Everything from the line containing "White Women Blouses" through the line containing "KIT 2/4 Rolo" should be repeated exactly, and nothing else from the data.

=== Source material ===

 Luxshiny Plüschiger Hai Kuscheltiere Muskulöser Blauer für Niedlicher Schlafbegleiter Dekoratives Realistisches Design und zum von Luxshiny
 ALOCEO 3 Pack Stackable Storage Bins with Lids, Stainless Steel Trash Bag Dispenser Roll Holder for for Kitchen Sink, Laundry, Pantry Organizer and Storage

===
=== Source material ===

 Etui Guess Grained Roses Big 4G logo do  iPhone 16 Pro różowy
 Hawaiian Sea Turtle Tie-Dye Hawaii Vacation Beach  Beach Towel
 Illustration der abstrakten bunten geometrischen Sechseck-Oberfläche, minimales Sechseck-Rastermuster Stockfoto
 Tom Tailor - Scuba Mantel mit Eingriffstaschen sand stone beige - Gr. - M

===
=== Source material ===

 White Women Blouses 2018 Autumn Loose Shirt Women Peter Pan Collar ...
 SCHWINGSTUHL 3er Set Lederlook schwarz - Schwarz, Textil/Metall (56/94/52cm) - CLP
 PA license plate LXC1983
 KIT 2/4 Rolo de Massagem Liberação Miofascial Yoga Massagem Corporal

===

Answer space
 White Women Blouses 2018 Autumn Loose Shirt Women Peter Pan Collar ...
 SCHWINGSTUHL 3er Set Lederlook schwarz - Schwarz, Textil/Metall (56/94/52cm) - CLP
 PA license plate LXC1983
 KIT 2/4 Rolo de Massagem Liberação Miofascial Yoga Massagem Corporal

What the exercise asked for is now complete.